Monday, June 8, 2009

Ethics, Morality, and Custom

O tempora! O mores! [Cicero]
The concept of morality, which as a child I encountered as rooted in divine commandment, therefore of transcendental origin, acquired that special sense during the Christian centuries of our civilization. Our own form of that word was coined by Marcus Tullius Cicero [104-43 BC]; Cicero was seeking a good translation of the Greek word ethikos, meaning exactly the same thing as morality. The Greek itself came from ethos, meaning “custom” or “usage,”; hence if we wished to use a word equivalent to Cicero’s moralis, we ought to translate it as “customary.” The Latin for customs, of course, is mores, singular mos. The Latin moralitas was a later addition used in ecclesiastical Latin.

Now, to be sure, customs change, and long before Cicero already the concept had taken on pretty much the same transcendental flavor I tasted as a child, namely as a higher law or standard—illustrated by Cicero’s own sighing comment above: “Oh, the times! Oh, the customs!”—implying that they had deteriorated from a permanent and higher standard up in the sky. Similarly, an additional meaning of ethos is “character,” a concept humanity has always treated as a permanent and enduring state. A person whose behavior undergoes frequent and abrupt changes in response to circumstances is not considered to have character but a lack thereof. I still remember the contemptuous flavor of the German adjective charakterlos, meaning, literally, character-less; those so designated were, indeed, beneath contempt.

This brief definitional walk-around the subject thus shows the curious duality of the moral, as something usual, accustomed, sanctioned, relied upon, and practiced by an entire society, the mores—as well as a permanent standard from which individuals and groups can deviate with regrettable results.

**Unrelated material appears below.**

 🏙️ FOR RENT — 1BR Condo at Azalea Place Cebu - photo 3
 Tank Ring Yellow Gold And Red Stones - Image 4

What I detect here is an interesting indication (as in the sense of “economic indicator”) of the real rooting of morality—not at all in custom, although that’s where we anchor the words we use—but in some permanent quality of the inner agent that we are beneath the flesh and bones. Down there in the invisible self we have an innate perception of right and wrong, good and bad. We also, obviously, collectively favor one side of this duality; if we didn’t then the notion of customs could not have become intimately associated with morality. We favor the good for practical as well as transcending reasons. It is the indicator of the vector that we are trying to follow in our collective quest. I have attempted to sketch various cosmic models to indicate where that vector points, namely to some possibly lost state of greater happiness or higher development lost because we erred.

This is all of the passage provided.